■ To do: Every line from the one containing "Mini Cordless Chainsaw" to the one containing "12PCS 30ML /" in the records below, both included, must be set down exactly, and no other line.

Extracted records
+ + +
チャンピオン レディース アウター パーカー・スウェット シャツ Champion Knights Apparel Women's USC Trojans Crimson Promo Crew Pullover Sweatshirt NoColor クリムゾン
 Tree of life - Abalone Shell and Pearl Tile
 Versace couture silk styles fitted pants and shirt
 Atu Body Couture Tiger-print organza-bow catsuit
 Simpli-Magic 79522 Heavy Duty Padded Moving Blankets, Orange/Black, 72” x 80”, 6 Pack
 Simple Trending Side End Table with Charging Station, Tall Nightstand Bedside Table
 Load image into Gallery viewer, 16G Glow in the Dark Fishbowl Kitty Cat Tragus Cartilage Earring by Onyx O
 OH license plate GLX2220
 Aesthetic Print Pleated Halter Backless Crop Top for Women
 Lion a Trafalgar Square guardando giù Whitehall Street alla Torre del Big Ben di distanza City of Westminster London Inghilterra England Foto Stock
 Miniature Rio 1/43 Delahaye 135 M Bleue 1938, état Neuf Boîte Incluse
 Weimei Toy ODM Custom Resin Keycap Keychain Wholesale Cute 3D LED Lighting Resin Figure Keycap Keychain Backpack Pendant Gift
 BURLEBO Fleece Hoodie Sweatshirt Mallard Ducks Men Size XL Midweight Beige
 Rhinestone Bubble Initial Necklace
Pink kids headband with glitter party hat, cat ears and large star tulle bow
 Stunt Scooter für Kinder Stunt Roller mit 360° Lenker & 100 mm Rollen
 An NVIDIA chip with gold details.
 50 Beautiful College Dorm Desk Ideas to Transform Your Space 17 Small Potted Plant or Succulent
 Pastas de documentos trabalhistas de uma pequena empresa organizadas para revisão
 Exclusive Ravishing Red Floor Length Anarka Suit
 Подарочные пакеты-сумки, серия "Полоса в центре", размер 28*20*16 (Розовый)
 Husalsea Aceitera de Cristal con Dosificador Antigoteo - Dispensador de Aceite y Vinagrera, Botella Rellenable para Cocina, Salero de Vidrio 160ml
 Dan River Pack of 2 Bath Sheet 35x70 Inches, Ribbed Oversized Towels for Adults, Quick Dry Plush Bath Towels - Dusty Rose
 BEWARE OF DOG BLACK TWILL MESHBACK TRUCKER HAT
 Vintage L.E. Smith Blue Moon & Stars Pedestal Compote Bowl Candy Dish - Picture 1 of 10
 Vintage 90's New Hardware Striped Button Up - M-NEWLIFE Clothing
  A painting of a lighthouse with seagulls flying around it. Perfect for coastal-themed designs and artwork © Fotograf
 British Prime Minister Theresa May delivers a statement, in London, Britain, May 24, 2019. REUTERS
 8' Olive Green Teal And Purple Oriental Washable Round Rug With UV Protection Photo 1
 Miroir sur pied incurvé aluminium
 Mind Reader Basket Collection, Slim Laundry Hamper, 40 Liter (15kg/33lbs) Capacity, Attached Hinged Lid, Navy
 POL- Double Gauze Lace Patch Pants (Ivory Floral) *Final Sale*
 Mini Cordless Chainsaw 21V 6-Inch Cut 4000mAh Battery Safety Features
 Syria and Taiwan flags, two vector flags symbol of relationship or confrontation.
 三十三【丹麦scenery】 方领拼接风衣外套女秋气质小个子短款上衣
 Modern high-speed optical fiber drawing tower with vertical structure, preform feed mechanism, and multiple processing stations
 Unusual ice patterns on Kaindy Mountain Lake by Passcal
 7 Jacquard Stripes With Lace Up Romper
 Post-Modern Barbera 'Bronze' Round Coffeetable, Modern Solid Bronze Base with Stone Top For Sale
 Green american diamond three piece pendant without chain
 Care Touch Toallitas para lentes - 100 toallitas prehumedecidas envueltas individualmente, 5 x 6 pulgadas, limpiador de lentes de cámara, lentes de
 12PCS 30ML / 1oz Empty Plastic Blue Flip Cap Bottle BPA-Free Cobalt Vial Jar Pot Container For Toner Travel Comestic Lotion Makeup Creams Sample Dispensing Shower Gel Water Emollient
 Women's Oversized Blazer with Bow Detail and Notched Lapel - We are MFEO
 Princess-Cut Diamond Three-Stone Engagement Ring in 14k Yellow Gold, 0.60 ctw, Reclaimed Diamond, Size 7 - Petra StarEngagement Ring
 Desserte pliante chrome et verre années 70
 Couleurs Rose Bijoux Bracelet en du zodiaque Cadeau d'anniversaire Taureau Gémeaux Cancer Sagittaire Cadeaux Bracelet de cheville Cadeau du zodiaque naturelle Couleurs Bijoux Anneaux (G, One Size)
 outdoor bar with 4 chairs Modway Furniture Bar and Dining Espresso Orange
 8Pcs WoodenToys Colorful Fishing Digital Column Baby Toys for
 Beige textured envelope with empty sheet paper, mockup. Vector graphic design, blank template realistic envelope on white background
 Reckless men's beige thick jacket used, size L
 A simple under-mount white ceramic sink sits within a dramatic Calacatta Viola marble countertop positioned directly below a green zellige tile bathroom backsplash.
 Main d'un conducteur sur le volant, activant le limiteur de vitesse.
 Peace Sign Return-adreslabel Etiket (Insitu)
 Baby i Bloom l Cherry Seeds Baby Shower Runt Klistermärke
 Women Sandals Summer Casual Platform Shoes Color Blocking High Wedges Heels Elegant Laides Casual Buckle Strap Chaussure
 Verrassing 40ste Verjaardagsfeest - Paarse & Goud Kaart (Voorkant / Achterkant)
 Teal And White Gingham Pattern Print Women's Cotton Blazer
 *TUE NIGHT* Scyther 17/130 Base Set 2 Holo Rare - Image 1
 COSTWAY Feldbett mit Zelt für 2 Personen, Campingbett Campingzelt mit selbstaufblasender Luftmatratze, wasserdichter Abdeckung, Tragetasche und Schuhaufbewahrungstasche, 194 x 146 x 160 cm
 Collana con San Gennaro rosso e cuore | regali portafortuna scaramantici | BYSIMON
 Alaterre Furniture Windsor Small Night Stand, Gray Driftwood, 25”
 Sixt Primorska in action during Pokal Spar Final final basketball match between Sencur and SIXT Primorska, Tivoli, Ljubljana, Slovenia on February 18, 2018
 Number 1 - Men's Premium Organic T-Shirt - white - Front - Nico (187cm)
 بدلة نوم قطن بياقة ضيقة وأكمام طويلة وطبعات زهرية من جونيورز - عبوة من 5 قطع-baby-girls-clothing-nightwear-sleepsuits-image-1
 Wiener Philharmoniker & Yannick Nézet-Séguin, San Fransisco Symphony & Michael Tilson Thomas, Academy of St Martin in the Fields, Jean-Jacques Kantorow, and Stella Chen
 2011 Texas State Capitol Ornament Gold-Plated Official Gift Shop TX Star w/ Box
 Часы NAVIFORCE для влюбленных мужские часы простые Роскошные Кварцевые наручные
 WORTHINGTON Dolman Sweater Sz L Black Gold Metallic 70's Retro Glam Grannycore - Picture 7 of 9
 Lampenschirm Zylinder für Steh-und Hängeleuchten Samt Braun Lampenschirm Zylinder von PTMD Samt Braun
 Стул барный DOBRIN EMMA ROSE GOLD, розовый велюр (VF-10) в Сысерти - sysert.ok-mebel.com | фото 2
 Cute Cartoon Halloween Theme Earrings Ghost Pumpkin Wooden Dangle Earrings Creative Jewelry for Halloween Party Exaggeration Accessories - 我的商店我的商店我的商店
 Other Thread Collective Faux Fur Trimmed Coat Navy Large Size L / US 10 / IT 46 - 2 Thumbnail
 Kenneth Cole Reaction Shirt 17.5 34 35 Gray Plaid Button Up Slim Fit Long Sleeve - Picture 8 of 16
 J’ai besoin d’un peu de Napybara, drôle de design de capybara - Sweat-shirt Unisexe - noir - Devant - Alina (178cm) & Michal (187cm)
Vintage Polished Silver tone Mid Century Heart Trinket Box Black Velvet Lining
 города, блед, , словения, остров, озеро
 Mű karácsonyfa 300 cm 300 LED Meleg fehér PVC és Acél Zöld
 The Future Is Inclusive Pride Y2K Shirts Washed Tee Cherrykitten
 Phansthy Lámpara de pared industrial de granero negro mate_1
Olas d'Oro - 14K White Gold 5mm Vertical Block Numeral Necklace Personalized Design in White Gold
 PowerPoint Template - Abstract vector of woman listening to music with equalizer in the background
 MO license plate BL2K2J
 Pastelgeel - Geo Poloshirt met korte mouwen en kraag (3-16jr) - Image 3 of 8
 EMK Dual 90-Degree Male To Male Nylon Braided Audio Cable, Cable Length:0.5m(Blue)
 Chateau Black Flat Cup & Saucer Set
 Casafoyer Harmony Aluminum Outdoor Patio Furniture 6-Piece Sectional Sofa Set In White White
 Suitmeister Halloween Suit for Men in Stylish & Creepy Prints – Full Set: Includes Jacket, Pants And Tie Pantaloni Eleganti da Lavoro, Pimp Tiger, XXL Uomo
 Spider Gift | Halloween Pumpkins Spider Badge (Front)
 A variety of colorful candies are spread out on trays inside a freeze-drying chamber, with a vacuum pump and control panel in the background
+ + +
■ Answer space:
 Mini Cordless Chainsaw 21V 6-Inch Cut 4000mAh Battery Safety Features
 Syria and Taiwan flags, two vector flags symbol of relationship or confrontation.
 三十三【丹麦scenery】 方领拼接风衣外套女秋气质小个子短款上衣
 Modern high-speed optical fiber drawing tower with vertical structure, preform feed mechanism, and multiple processing stations
 Unusual ice patterns on Kaindy Mountain Lake by Passcal
 7 Jacquard Stripes With Lace Up Romper
 Post-Modern Barbera 'Bronze' Round Coffeetable, Modern Solid Bronze Base with Stone Top For Sale
 Green american diamond three piece pendant without chain
 Care Touch Toallitas para lentes - 100 toallitas prehumedecidas envueltas individualmente, 5 x 6 pulgadas, limpiador de lentes de cámara, lentes de
 12PCS 30ML / 1oz Empty Plastic Blue Flip Cap Bottle BPA-Free Cobalt Vial Jar Pot Container For Toner Travel Comestic Lotion Makeup Creams Sample Dispensing Shower Gel Water Emollient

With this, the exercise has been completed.